## Crawled caption data
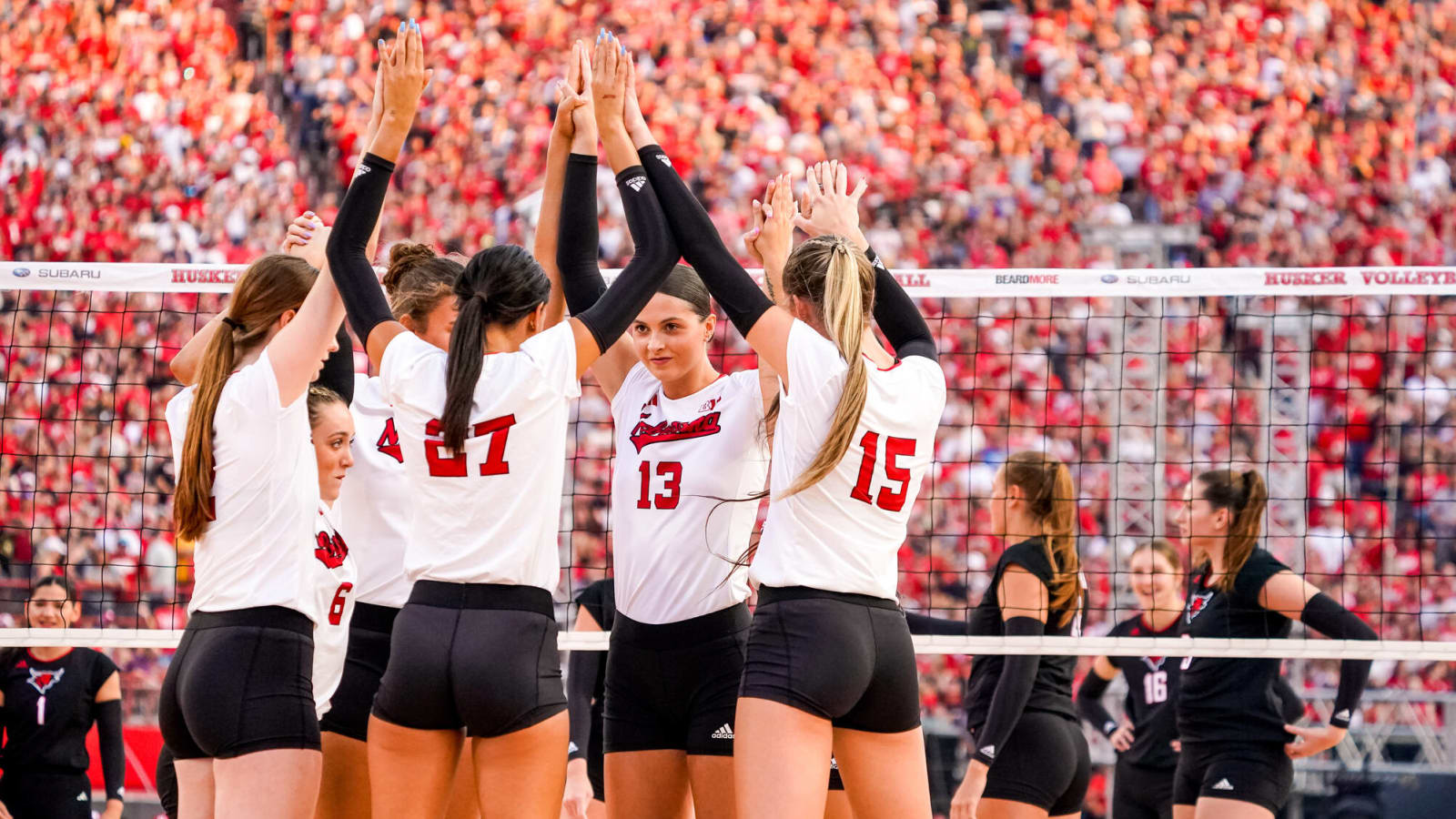 Nebraska women's volleyball breaks world record Yardbarker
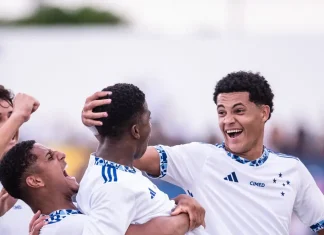 Copinha: Cruzeiro bate São Carlos e garante 1ª posição no Grupo 13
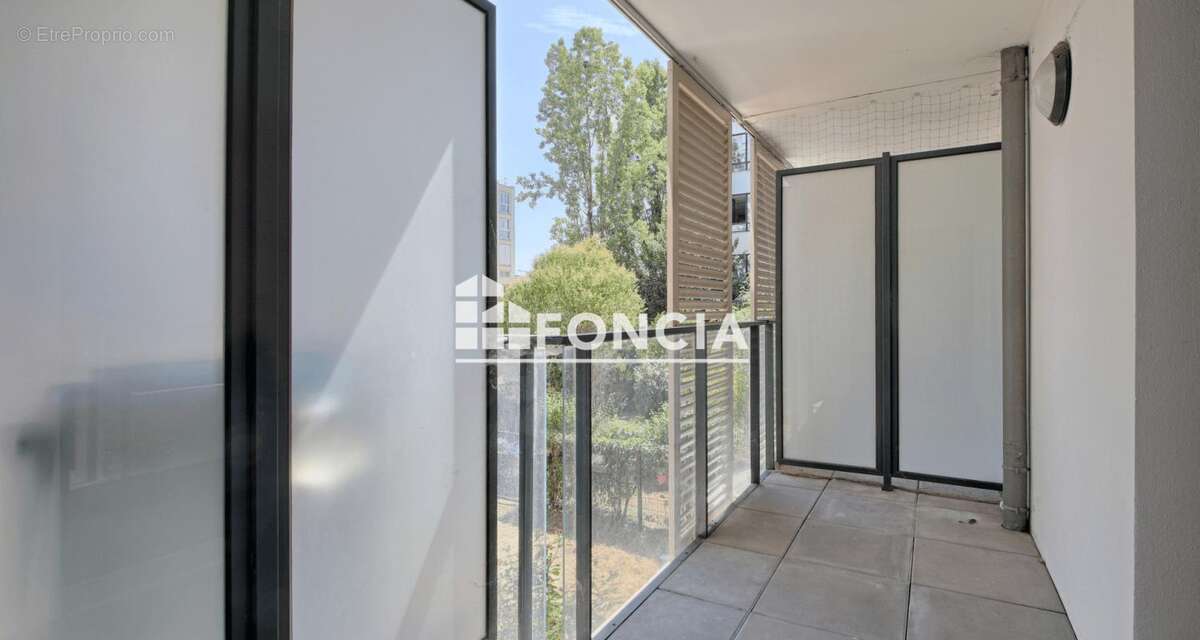 EXCLUSIVITE FONCIA ! Appartement 3P, balcons, avec cave et parking - photo 10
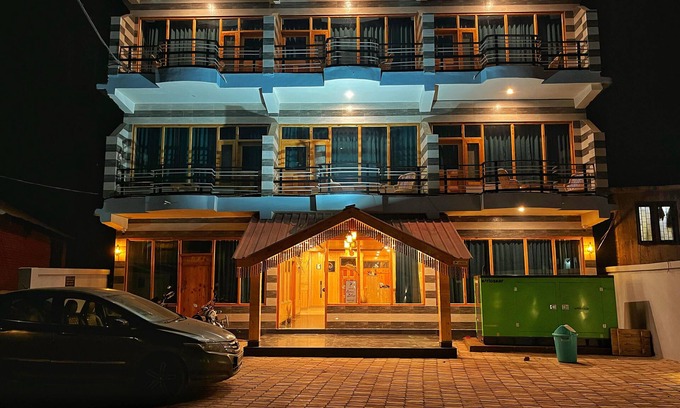 Kasol Hotel | River Bliss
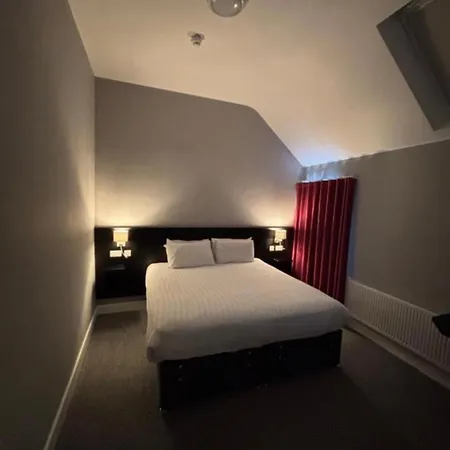 فندق مبيت وإفطار Behan's Horseshoe Bar & Restaurant 5*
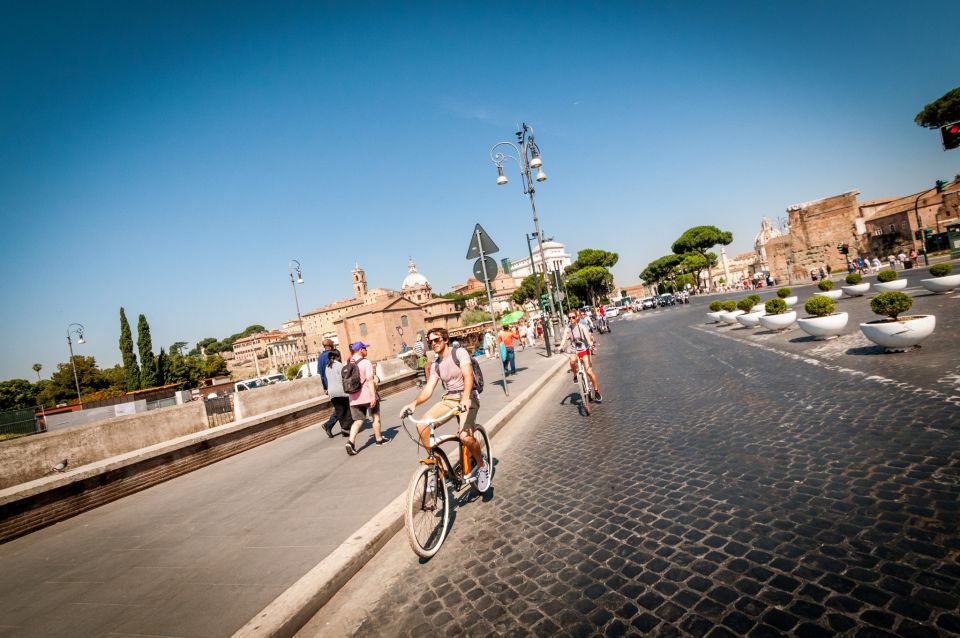 Rome: Highlights Bike Tour - Piazza Venezia to Arch of Constantine: monuments you can spot fast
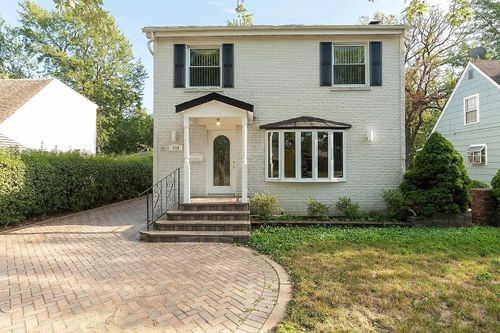919 Greenwood Ave, Deerfield, IL, 60015-3023 | Card Image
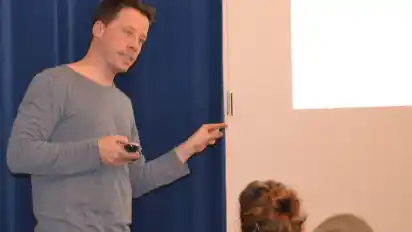 Wie Werbung alte Rollenbilder bedient und ins 21. Jahrhundert transportiert, erläutert Nils Pickert anschaulich.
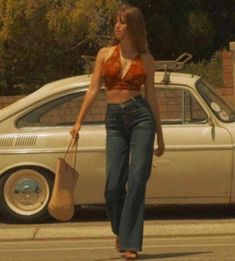 Disco Look, Looks Street Style, Retro Stil, 70s Fashion, Bell Bottoms, Fashion Inspo Outfits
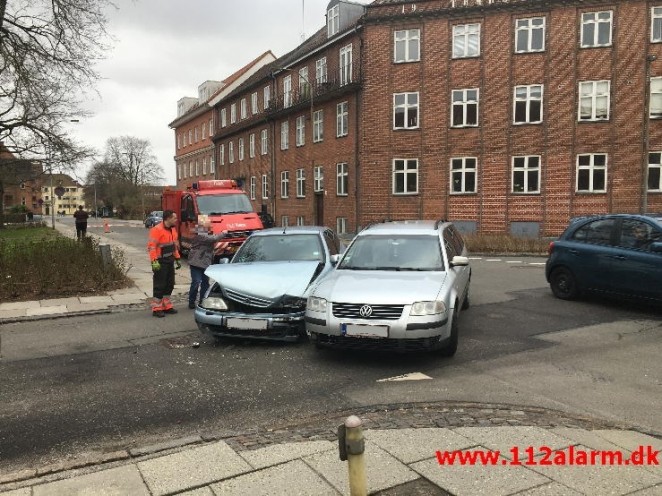 Mindre Trafikuheld. Nyboesgade i vejle. 02/02-2016. Kl. 13:54.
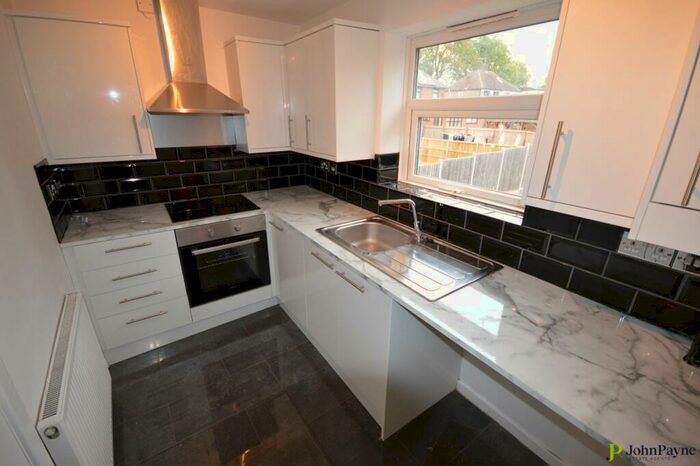 2 Bedroom Maisonette To Rent In Malam Close, Tile Hill, Coventry, West Midlands, CV4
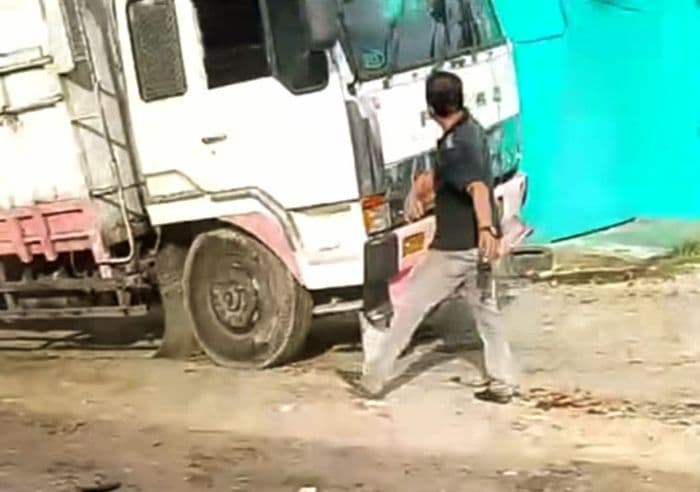 polres_langkat_tangkap_pelaku_perusakan_truk_di_besitang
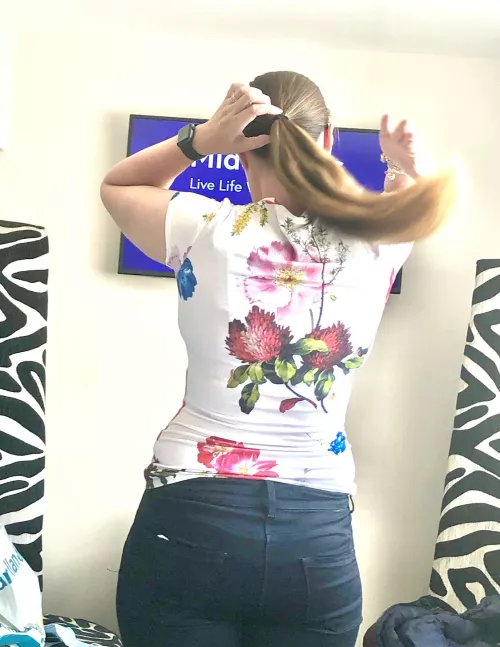 TightJeansFetishGirls 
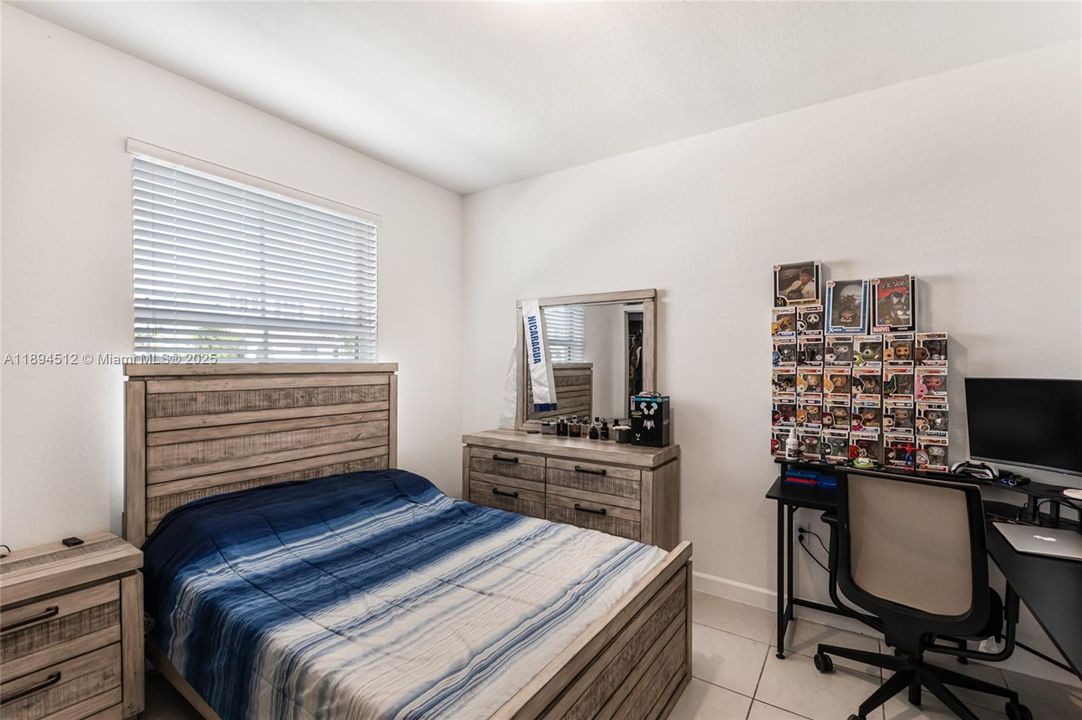 For Sale: $475,000 (3 beds, 3 baths, 1328 Square Feet)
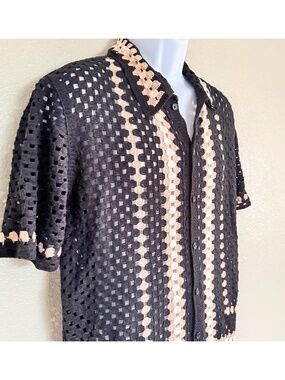 Men’s Vintage-Inspired Boho Crochet Granny Square Mesh Resort Button Down Shirt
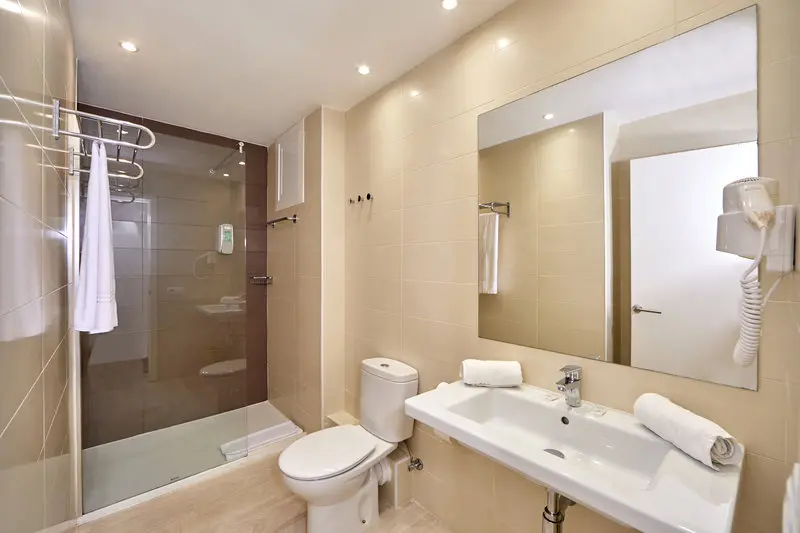 Sun Beach Santa Ponsa gallery image 19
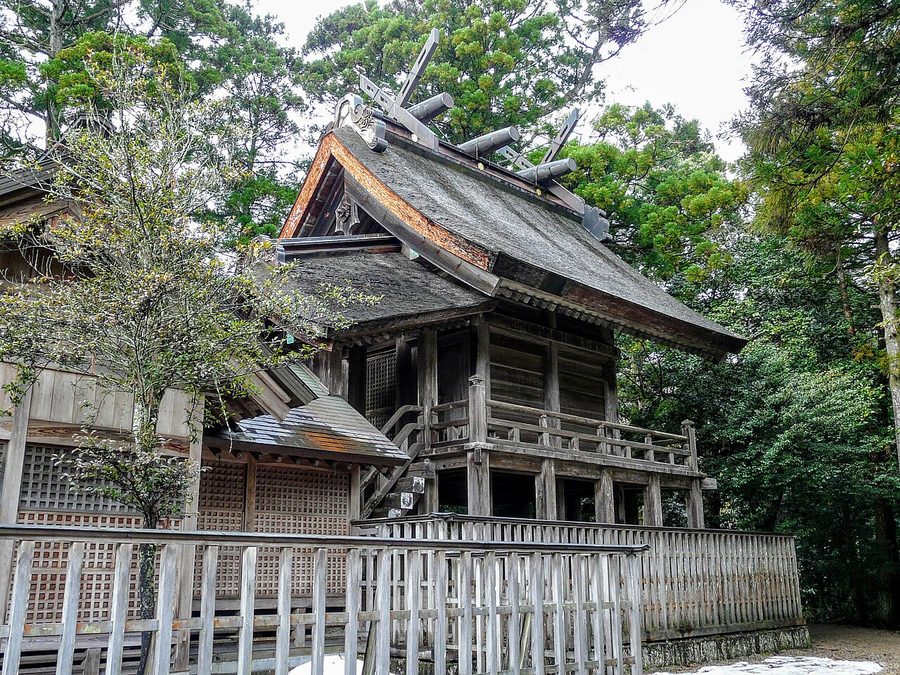 須佐神社の本殿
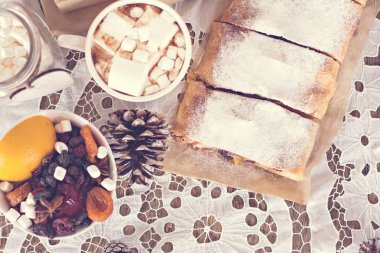 meyveli turta ve kış dekor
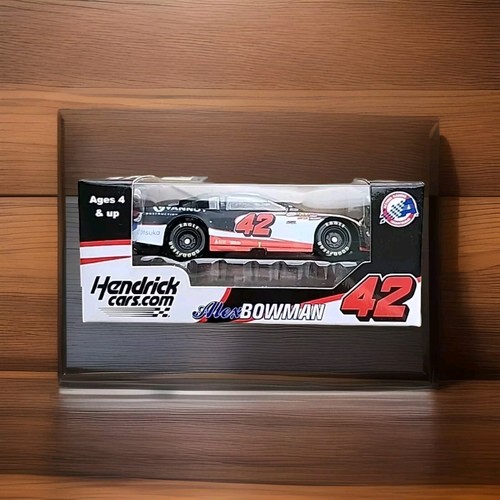 Rare limited nascar 2017 alex - limited,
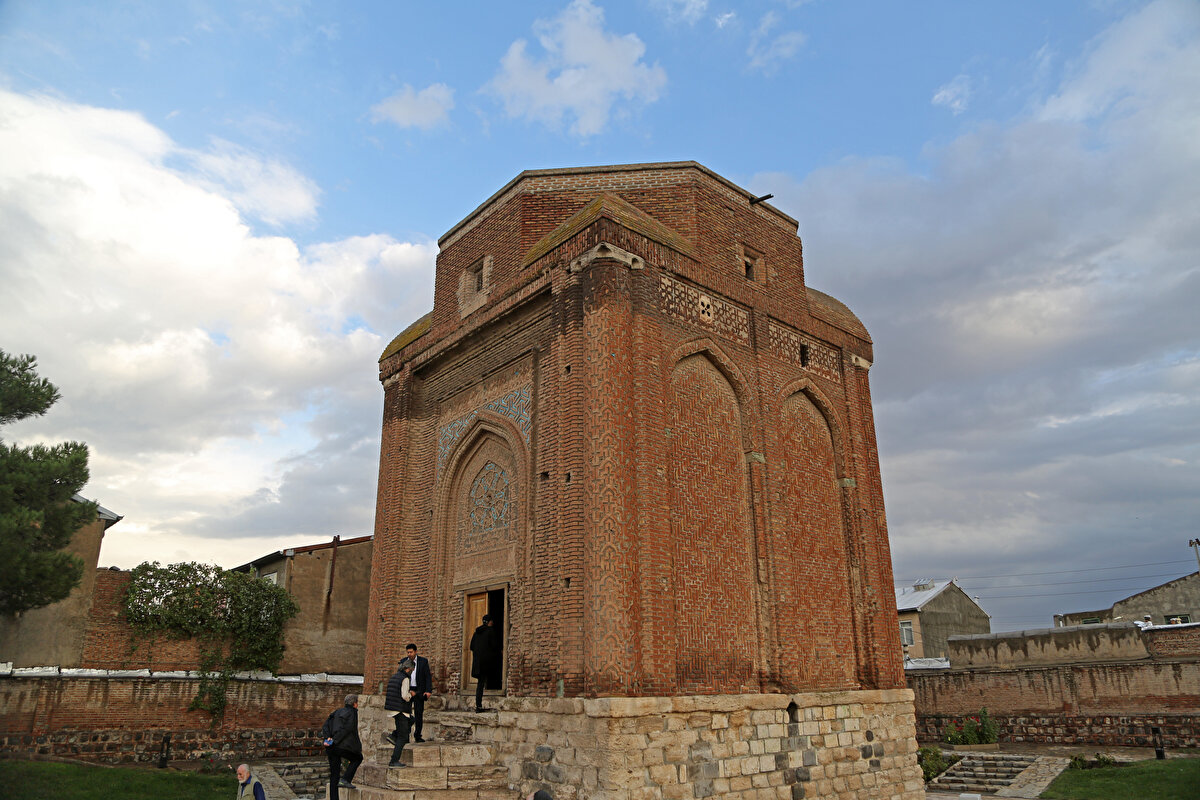 Kızıl Kümbet, Selçuklular dönemi Azerbaycan valisi Abdülaziz ibn Mahmud ibn Said'in emriyle ve o dönemin ünlü mimarlarından bani Bekir Muhammed bin Bandan bin Muhsin tarafından yaptırılmıştır. Kümbetin üst kısmında bulunan yazıtta kufi yazıyla padişahın ve mimarının ismi, onun üstünde kümbetin yapıldığı tarih olan 1147 yazmaktadır.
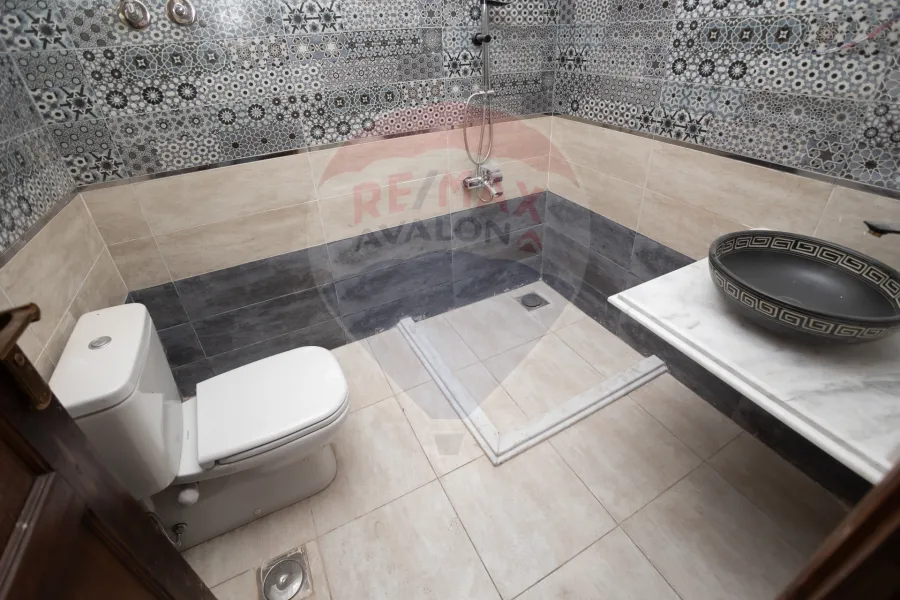 شقة للبيع 140 م لوران  (ش الاقبال)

## What to work on
Although the records contain pictures, only their text should be repeated, exactly as it appears.

## Reply to the task
 Nebraska women's volleyball breaks world record Yardbarker
 Copinha: Cruzeiro bate São Carlos e garante 1ª posição no Grupo 13
 EXCLUSIVITE FONCIA ! Appartement 3P, balcons, avec cave et parking - photo 10
 Kasol Hotel | River Bliss
 فندق مبيت وإفطار Behan's Horseshoe Bar & Restaurant 5*
 Rome: Highlights Bike Tour - Piazza Venezia to Arch of Constantine: monuments you can spot fast
919 Greenwood Ave, Deerfield, IL, 60015-3023 | Card Image
 Wie Werbung alte Rollenbilder bedient und ins 21. Jahrhundert transportiert, erläutert Nils Pickert anschaulich.
 Disco Look, Looks Street Style, Retro Stil, 70s Fashion, Bell Bottoms, Fashion Inspo Outfits
 Mindre Trafikuheld. Nyboesgade i vejle. 02/02-2016. Kl. 13:54.
 2 Bedroom Maisonette To Rent In Malam Close, Tile Hill, Coventry, West Midlands, CV4
 polres_langkat_tangkap_pelaku_perusakan_truk_di_besitang
 TightJeansFetishGirls 
 For Sale: $475,000 (3 beds, 3 baths, 1328 Square Feet)
 Men’s Vintage-Inspired Boho Crochet Granny Square Mesh Resort Button Down Shirt
 Sun Beach Santa Ponsa gallery image 19
 須佐神社の本殿
 meyveli turta ve kış dekor
 Rare limited nascar 2017 alex - limited,
 Kızıl Kümbet, Selçuklular dönemi Azerbaycan valisi Abdülaziz ibn Mahmud ibn Said'in emriyle ve o dönemin ünlü mimarlarından bani Bekir Muhammed bin Bandan bin Muhsin tarafından yaptırılmıştır. Kümbetin üst kısmında bulunan yazıtta kufi yazıyla padişahın ve mimarının ismi, onun üstünde kümbetin yapıldığı tarih olan 1147 yazmaktadır.
 شقة للبيع 140 م لوران  (ش الاقبال)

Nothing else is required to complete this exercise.